Today was a special day--the whole school was going on a field trip to Aomori city to see some musical...or something musical (like many things, it was not properly explained to me). Earlier this week, He-sensei said there would be no classes for this reason. "Ok," I said, assuming, of course, that since the ENTIRE SCHOOL was going, I would be, too.

It was on the bus this morning that I had my first fleeting thought that perhaps they had left earlier than I would be able to arrive. Surely not. Certainly they wouldn't leave behind the foreigner. He-sensei would have said something, and he knew quite well that 9 was the earliest I could get there. And of course they would never have scheduled me to go to Kanita on a day I would be left sitting in the office alone for hours on end while everyone else was on a field trip. That could simply not be so.

Well guess what, optimism?

I sure did get there at 9, wait around till 9:30, and then ask the ONE lone guy sitting in the office if everyone had left. "Yes. They left at 8..." His eyes then flickered about the empty office, as though this were the first time it had occurred to him over the half hour we'd been sitting in silence alone in the school that I had nothing to do, and something had gone terribly awry. Through my broken Japanese, barely contained through my severe annoyance, we came to understand that I had, indeed, been left behind.

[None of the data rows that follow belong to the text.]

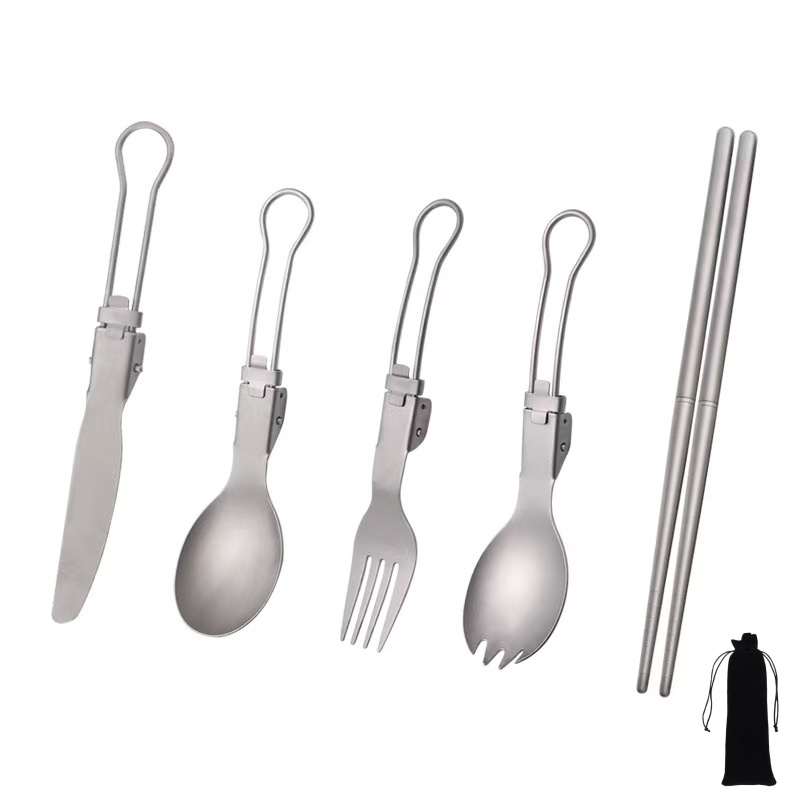 Weaning Spoon Set - Zestaw składanych przyborów kuchennych z tytanu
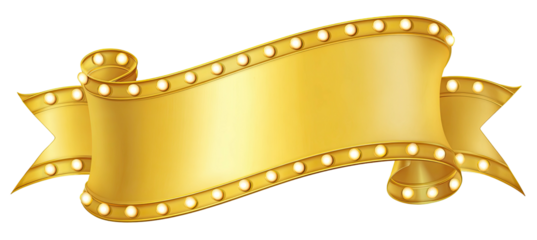 Golden banner with decorative light bulbs, black background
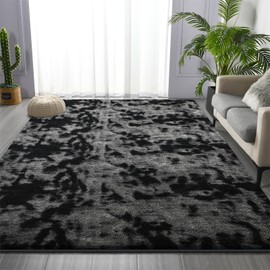 Large Area Rugs for Living Room Bedroom, 5 x 8 Ft Non-Slip Tie-Dyed Modern Area Rug, Soft Thickened Memory Foam Rug, Minimalist Indoor Carpet for Boys Girls Room Nursery Dorm Home Decor, Dark Grey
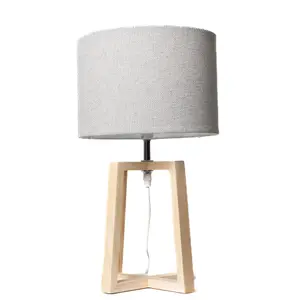 Natural Wooden Table Lamp with Linen Look Shade Criss Cross Legs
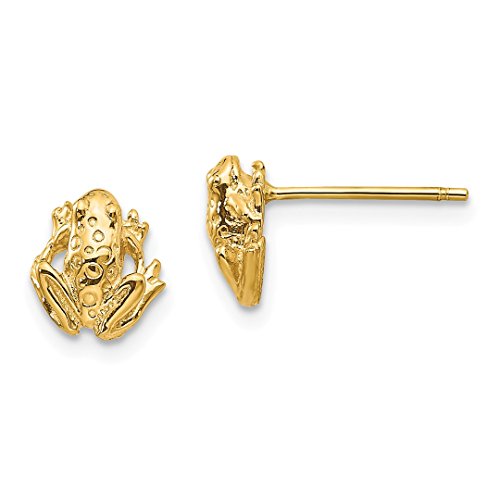 14K Yellow Gold Small Frog Stud Earrings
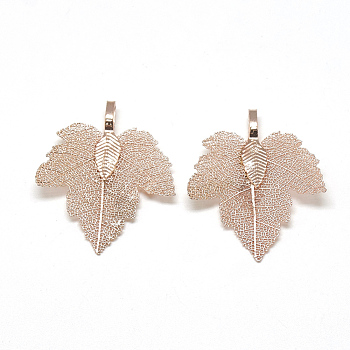 Iron Pendants, Electroplate Natural Leaf, Grape Leaf, Rose Gold Plated, 35x27x1.5mm, Hole: 3x5.5mm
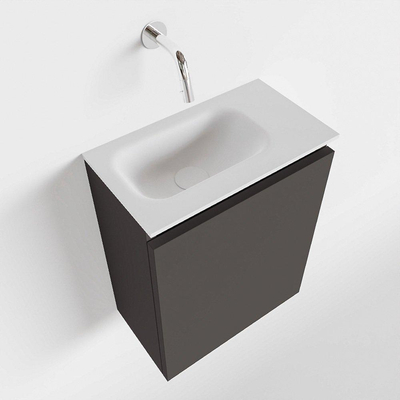 MONDIAZ TURE Kit lave-mains - 40x23x50cm - 0 trous de robinet - 1 porte - gris foncé mat - Lavabo à gauche - Acrylique Blanc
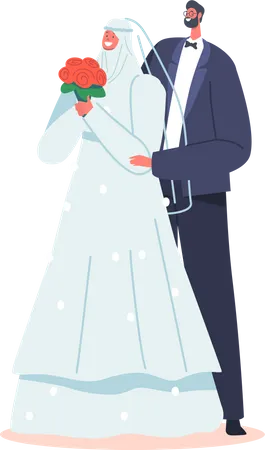 Muslim Wedding Couple  Illustration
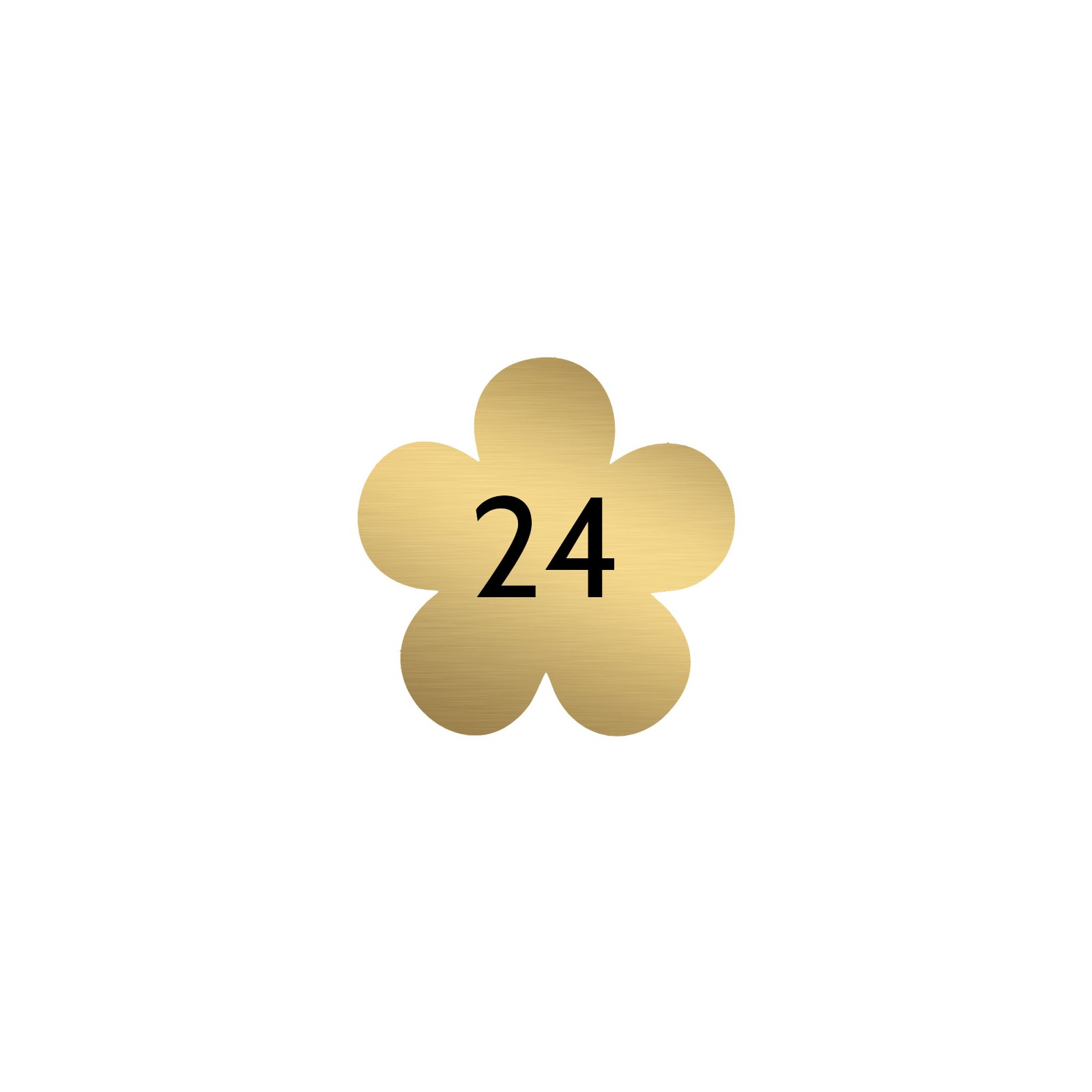 Numéro fantaisie personnalisable pour boite aux lettres couleur or brossé chiffres noirs - Modèle Fleur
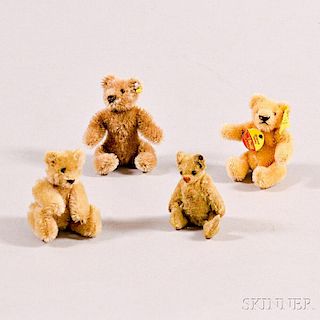 Four Steiff 3 1/2-inch Miniature Mohair Teddy Bears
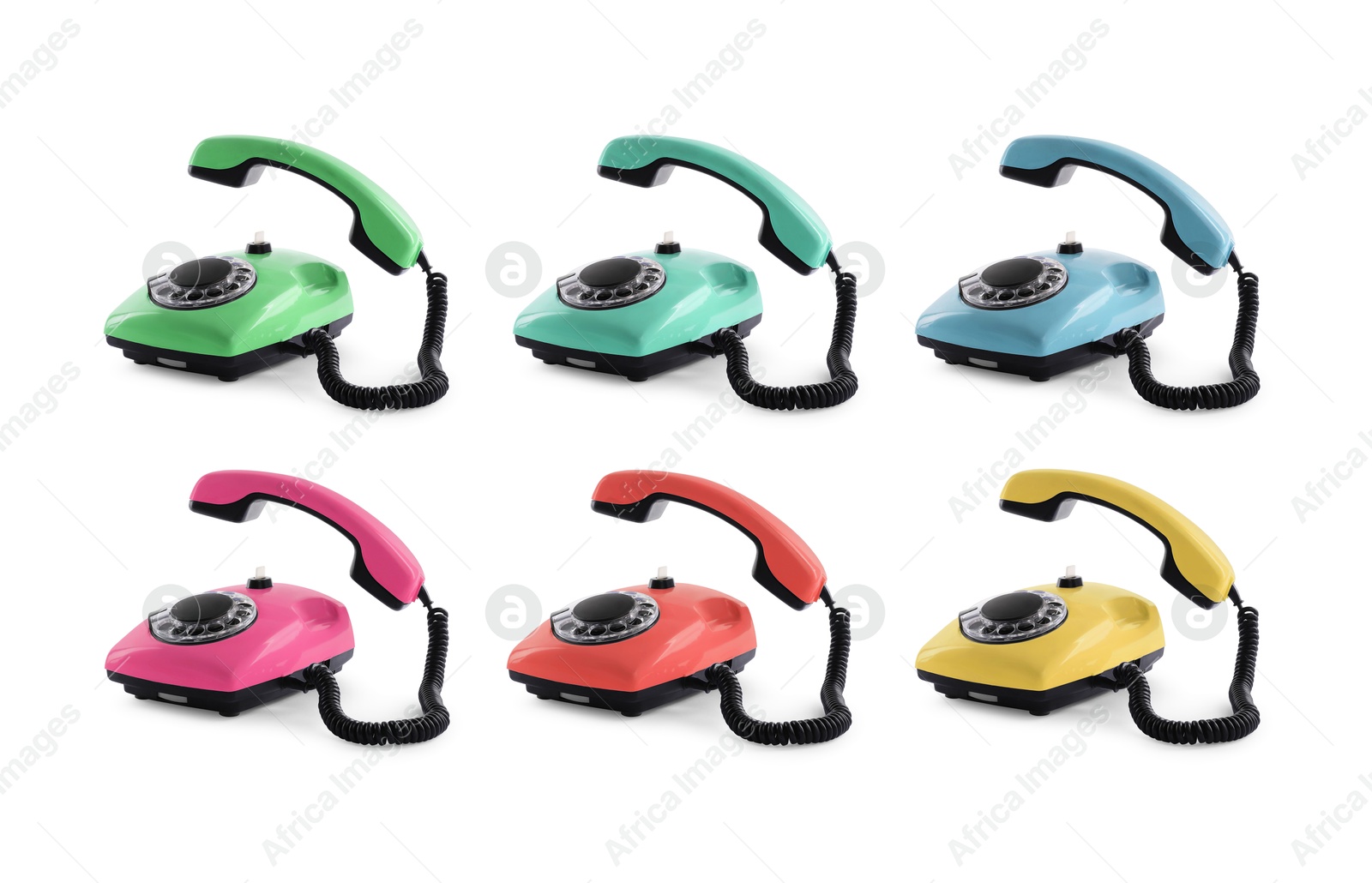 Image of Old telephone with rotary dial of different colors isolated on white, set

Man (clearly I don't know the guy's name): "...What will you do today?"
Me: "Hmmm...yea, I dunno."
Me *inner thought*: I WILL SEND MEGA DEATH RAYS OF DOOM TO AOMORI CITY TO STRIKE DOWN THE IDIOT WHO LEFT ME HERE!!!! GAAAAAAAAAAAAAAAAAAHHHHHHHHHHH!!!!!!!!!!!!

Japanese people don't like to see the American angry. Perhaps because of the reserved nature of the Japanese spirit. Perhaps because, so far, I've put forth great effort to be a smiley gaijin in the face of inconvenience, and seeing me frown after weeks of not creates an unhappy disturbance in the Force. Or perhaps because most Japanese are convinced every American has a gun. I don't know. But the solitary man left behind at Kanita JH looked increasingly nervous as our conversation went along, although my nasty glances were not cast at him, but at the empty desk of He-sensei.

They left. Everyone left, and here I am still in Kanita with nothing to do for the day. I called up one of the women in the main office and had her bring me there so I would have a better working computer for 7 hours--everyone is scheduled to come back at 4, and I'm not sure if I can keep myself from ripping He-sensei's head off when I see him then.

I'm so pissed off right now. No one told me ahead of time in English or Japanese. No one called me this morning to see what I was doing. No one even reminded me yesterday that today is a special day. Oh, and no one told me to make myself a box lunch, because there's no school lunch provided today like there usually is. I was lucky to have one of the women in the office offer to take me out this afternoon. Otherwise, I'd be left with no food. Yea.

I've got half a mind just to walk home screaming. >:O

Let's just say my supervisor is damn lucky he's off today.